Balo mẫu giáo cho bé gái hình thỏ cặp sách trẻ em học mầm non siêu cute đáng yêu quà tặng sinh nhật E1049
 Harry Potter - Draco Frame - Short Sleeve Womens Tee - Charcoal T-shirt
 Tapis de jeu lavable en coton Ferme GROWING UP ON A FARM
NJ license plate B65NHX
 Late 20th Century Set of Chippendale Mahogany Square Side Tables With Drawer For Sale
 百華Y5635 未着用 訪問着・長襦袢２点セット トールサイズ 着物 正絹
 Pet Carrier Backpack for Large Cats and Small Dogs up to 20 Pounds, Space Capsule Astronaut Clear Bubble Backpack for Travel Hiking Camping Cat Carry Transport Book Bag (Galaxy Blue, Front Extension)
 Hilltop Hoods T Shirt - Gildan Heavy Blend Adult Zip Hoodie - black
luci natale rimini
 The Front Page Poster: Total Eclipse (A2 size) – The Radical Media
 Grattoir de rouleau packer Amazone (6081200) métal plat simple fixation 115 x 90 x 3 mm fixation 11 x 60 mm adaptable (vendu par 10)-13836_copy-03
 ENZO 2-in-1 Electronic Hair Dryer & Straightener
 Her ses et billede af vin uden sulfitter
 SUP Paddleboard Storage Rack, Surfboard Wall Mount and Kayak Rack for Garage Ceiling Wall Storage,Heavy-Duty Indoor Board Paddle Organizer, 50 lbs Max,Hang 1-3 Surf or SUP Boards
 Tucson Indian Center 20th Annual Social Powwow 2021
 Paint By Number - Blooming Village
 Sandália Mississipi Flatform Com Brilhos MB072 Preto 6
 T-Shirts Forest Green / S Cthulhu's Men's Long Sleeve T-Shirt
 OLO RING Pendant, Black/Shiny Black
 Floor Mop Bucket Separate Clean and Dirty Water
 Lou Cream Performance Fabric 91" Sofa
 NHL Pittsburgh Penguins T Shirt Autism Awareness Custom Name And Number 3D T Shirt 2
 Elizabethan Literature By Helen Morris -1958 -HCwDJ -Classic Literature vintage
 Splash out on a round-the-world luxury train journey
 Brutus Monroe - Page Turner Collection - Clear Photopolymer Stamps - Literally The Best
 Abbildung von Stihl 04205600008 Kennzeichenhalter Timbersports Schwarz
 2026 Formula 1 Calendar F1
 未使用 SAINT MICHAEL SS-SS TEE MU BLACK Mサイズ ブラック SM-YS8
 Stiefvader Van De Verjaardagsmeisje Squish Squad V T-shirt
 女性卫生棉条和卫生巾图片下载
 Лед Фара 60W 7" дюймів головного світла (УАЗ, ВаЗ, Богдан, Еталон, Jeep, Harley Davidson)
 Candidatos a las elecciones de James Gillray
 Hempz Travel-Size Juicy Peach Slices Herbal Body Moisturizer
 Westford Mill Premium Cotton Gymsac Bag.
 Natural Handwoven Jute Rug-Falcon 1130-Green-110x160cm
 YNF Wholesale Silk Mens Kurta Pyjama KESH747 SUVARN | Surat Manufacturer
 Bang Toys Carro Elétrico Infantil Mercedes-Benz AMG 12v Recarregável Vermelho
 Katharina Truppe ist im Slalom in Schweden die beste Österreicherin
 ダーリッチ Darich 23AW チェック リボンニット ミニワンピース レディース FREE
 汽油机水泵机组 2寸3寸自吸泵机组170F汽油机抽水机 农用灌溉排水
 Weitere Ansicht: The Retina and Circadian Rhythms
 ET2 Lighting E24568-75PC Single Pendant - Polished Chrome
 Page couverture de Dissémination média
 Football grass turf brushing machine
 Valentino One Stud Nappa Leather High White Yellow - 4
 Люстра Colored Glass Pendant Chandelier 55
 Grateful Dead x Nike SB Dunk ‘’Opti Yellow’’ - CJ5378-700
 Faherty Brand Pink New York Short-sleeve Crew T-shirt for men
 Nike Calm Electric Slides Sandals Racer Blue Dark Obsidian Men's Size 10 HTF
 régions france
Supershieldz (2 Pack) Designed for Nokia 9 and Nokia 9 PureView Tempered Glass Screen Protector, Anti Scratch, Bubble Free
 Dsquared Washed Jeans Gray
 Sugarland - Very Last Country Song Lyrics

···

▸ Task instructions: Beginning with the first line of the listing above, please write out every line exactly until you reach the line that contains "Abbildung von Stihl", and include that one too.

▸ Response to the task:
Balo mẫu giáo cho bé gái hình thỏ cặp sách trẻ em học mầm non siêu cute đáng yêu quà tặng sinh nhật E1049
 Harry Potter - Draco Frame - Short Sleeve Womens Tee - Charcoal T-shirt
 Tapis de jeu lavable en coton Ferme GROWING UP ON A FARM
NJ license plate B65NHX
 Late 20th Century Set of Chippendale Mahogany Square Side Tables With Drawer For Sale
 百華Y5635 未着用 訪問着・長襦袢２点セット トールサイズ 着物 正絹
 Pet Carrier Backpack for Large Cats and Small Dogs up to 20 Pounds, Space Capsule Astronaut Clear Bubble Backpack for Travel Hiking Camping Cat Carry Transport Book Bag (Galaxy Blue, Front Extension)
 Hilltop Hoods T Shirt - Gildan Heavy Blend Adult Zip Hoodie - black
luci natale rimini
 The Front Page Poster: Total Eclipse (A2 size) – The Radical Media
 Grattoir de rouleau packer Amazone (6081200) métal plat simple fixation 115 x 90 x 3 mm fixation 11 x 60 mm adaptable (vendu par 10)-13836_copy-03
 ENZO 2-in-1 Electronic Hair Dryer & Straightener
 Her ses et billede af vin uden sulfitter
 SUP Paddleboard Storage Rack, Surfboard Wall Mount and Kayak Rack for Garage Ceiling Wall Storage,Heavy-Duty Indoor Board Paddle Organizer, 50 lbs Max,Hang 1-3 Surf or SUP Boards
 Tucson Indian Center 20th Annual Social Powwow 2021
 Paint By Number - Blooming Village
 Sandália Mississipi Flatform Com Brilhos MB072 Preto 6
 T-Shirts Forest Green / S Cthulhu's Men's Long Sleeve T-Shirt
 OLO RING Pendant, Black/Shiny Black
 Floor Mop Bucket Separate Clean and Dirty Water
 Lou Cream Performance Fabric 91" Sofa
 NHL Pittsburgh Penguins T Shirt Autism Awareness Custom Name And Number 3D T Shirt 2
 Elizabethan Literature By Helen Morris -1958 -HCwDJ -Classic Literature vintage
 Splash out on a round-the-world luxury train journey
 Brutus Monroe - Page Turner Collection - Clear Photopolymer Stamps - Literally The Best
 Abbildung von Stihl 04205600008 Kennzeichenhalter Timbersports Schwarz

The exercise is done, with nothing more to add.